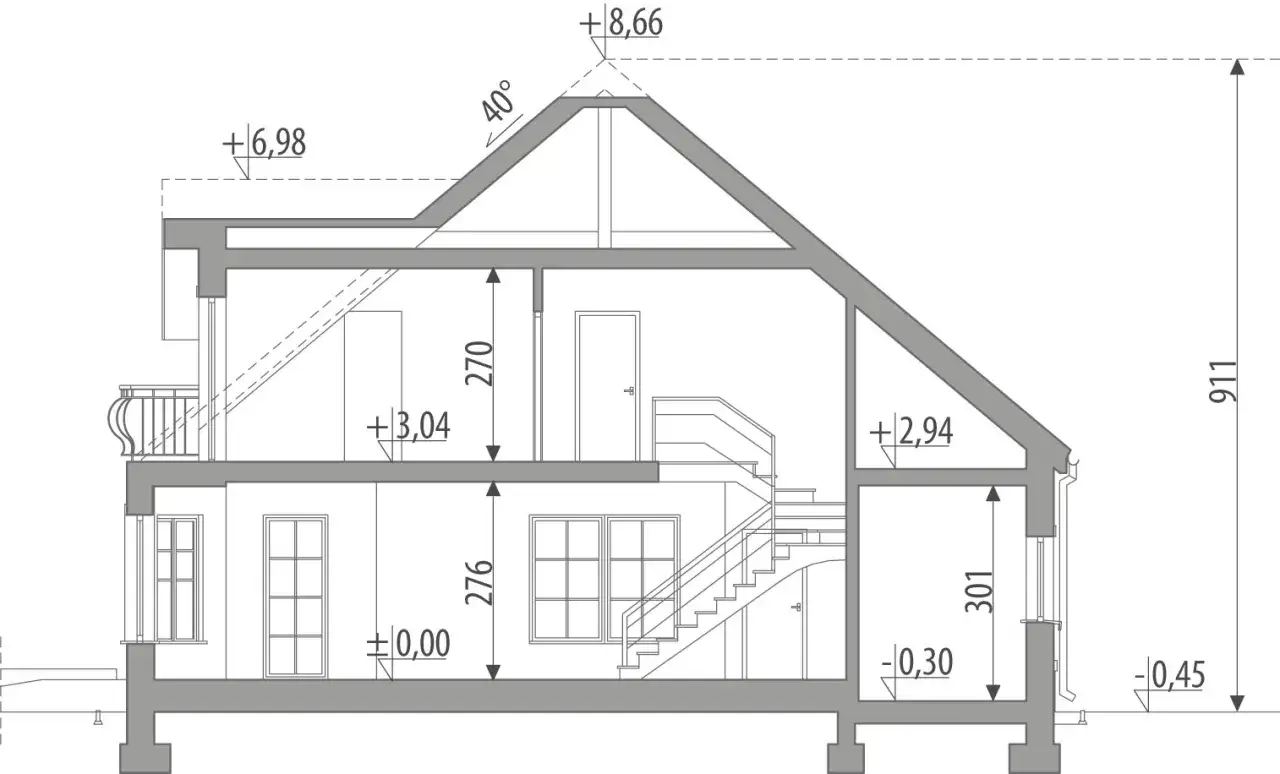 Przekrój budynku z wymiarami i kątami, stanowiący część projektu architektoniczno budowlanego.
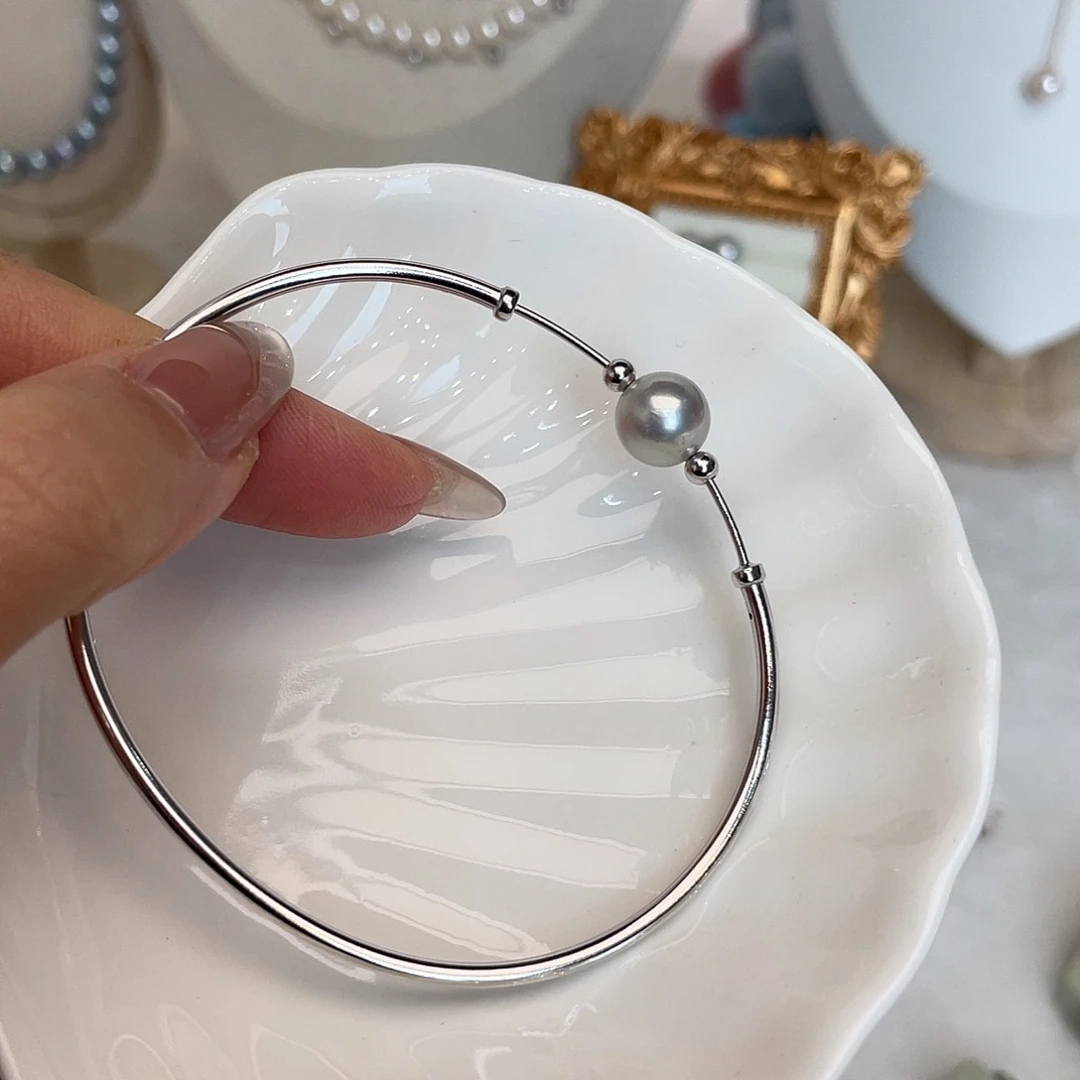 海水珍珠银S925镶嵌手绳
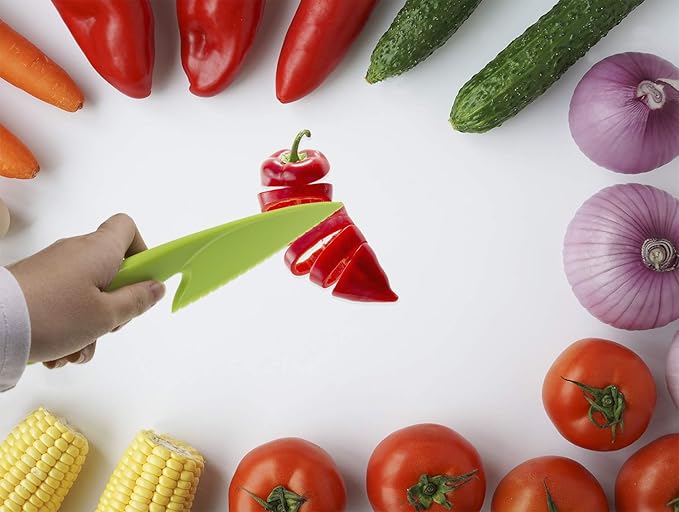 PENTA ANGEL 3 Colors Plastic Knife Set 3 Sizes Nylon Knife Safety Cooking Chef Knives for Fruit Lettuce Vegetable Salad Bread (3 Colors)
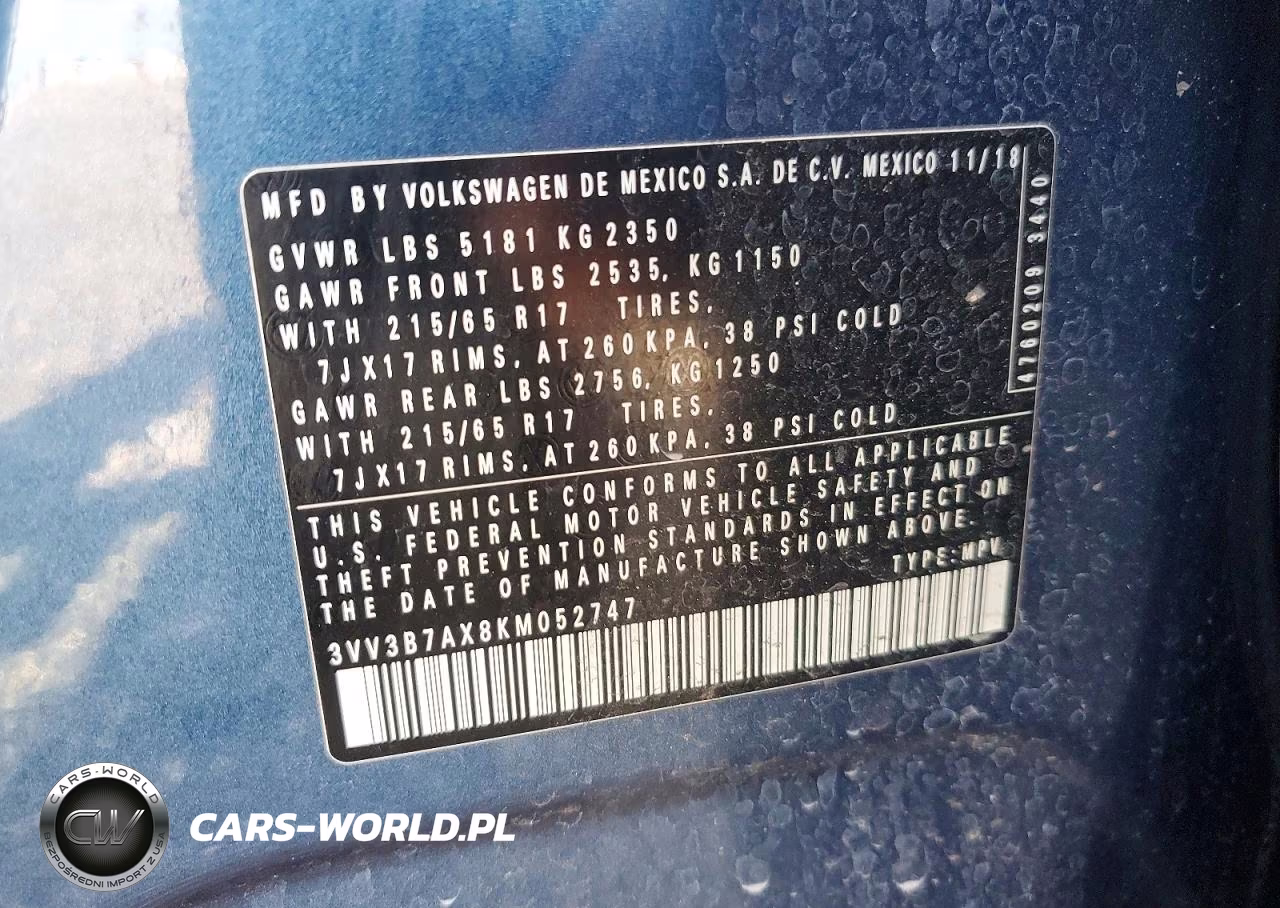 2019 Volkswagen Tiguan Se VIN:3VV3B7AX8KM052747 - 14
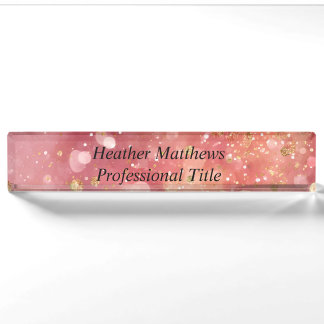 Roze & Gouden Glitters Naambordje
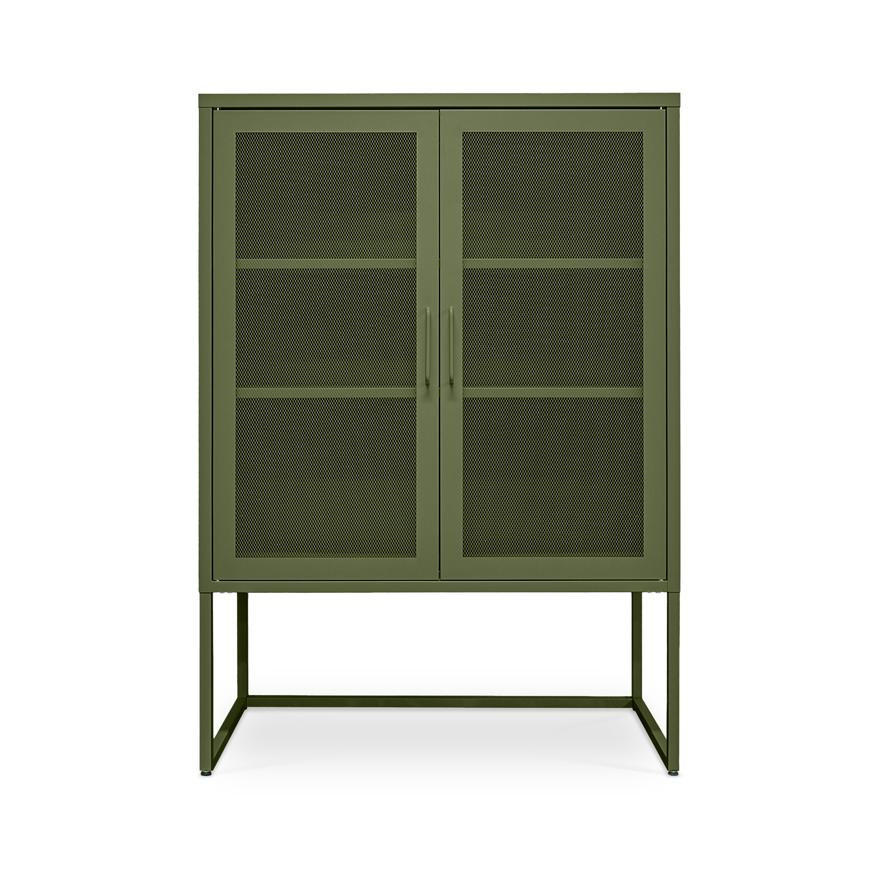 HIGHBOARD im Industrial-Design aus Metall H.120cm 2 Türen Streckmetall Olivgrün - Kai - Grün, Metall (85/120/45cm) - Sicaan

++++++++++++++++++++

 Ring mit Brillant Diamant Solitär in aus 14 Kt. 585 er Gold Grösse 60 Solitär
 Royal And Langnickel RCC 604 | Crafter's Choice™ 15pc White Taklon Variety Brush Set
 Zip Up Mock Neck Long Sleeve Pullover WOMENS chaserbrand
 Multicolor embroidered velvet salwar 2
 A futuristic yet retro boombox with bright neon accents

++++++++++++++++++++

Restate the lines above from the one containing "Przekrój budynku z" through the one containing "HIGHBOARD im Industrial-Design", inclusive, exactly and without pictures.

 Przekrój budynku z wymiarami i kątami, stanowiący część projektu architektoniczno budowlanego.
 海水珍珠银S925镶嵌手绳
 PENTA ANGEL 3 Colors Plastic Knife Set 3 Sizes Nylon Knife Safety Cooking Chef Knives for Fruit Lettuce Vegetable Salad Bread (3 Colors)
 2019 Volkswagen Tiguan Se VIN:3VV3B7AX8KM052747 - 14
 Roze & Gouden Glitters Naambordje
 HIGHBOARD im Industrial-Design aus Metall H.120cm 2 Türen Streckmetall Olivgrün - Kai - Grün, Metall (85/120/45cm) - Sicaan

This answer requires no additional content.